Developers across U.S. try to meet millennials’ needs and accommodate the shift to remote work.

By Sami Sparber
Wed, Jun 30, 2021 11:25amGrey Clock 3 min

Apartment sizes are getting bigger across the U.S., just as more people are looking for additional space while spending more time working from home.

In 36% of U.S. cities, apartments under construction are larger on average than those built over the previous five years, according to a report from RENTCafé, a nationwide apartment-search website. Units in 33 of the 92 cities studied rose nearly 50 square feet on average, the report said.

The demand for larger units follows several years when apartments were shrinking in size, in part because smaller units are more profitable for property owners. In dense urban areas and around universities, many developers continue to build smaller apartments to offer more of them and meet high rental demand, according to Yardi Matrix, a real-estate market-intelligence firm that provided data for the RENTCafé report.

But the percentage of bigger new apartments is the highest it has been in five years, reflecting recent tenant preferences, said Doug Ressler, Yardi Matrix’s manager of business intelligence. Older millennials have reached the typical homebuying age, but many are unable to find a home they can afford. Instead, they are looking to rent larger apartments for themselves and their families, Mr. Ressler said.
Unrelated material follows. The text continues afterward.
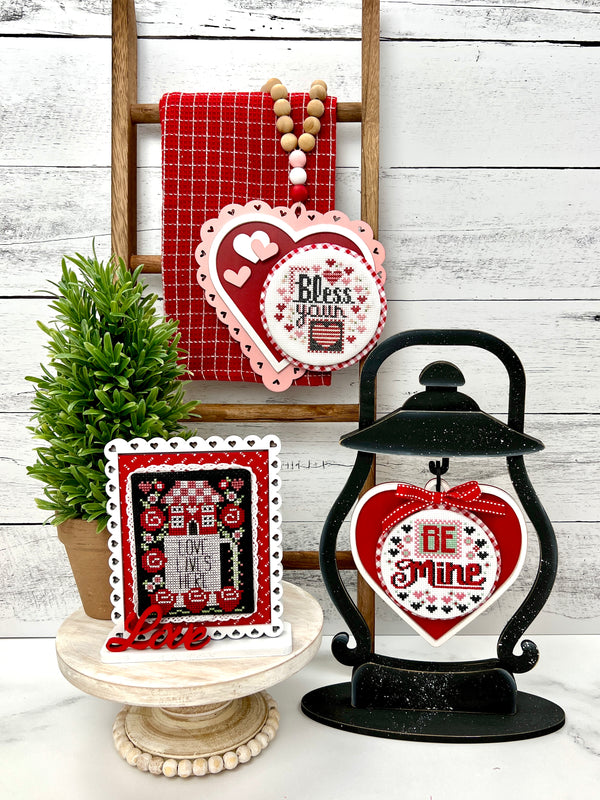 Unfinshed Wood Snow Globe Cross Stitch Display - Paisleys and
While the urge to upsize apartments predated the Covid-19 pandemic, some real-estate executives suggest it will continue as the health crisis puts a new premium on space. Developers say they are building units that offer more space to work and relax in, as a way to accommodate residents who are moving out of high-density cities and into suburban areas across the country.

“We’re doing little things like adding built-in offices and areas where people can work from home in nooks and crannies,” said Michael Van Der Poel, founding partner of Asia Capital Real Estate, a private-equity firm that specializes in multifamily-housing development and investment.

J. David Heller, chief executive of the NRP Group, a developer of multifamily buildings, said his firm is offering a den that can be used as a home office in both its one- and two-bedroom apartment plans.

NRP, which develops communities in St. Petersburg, Fla., and San Antonio, among other cities, has expanded a number of its floor plans by 30 to 50 square feet, Mr. Heller said.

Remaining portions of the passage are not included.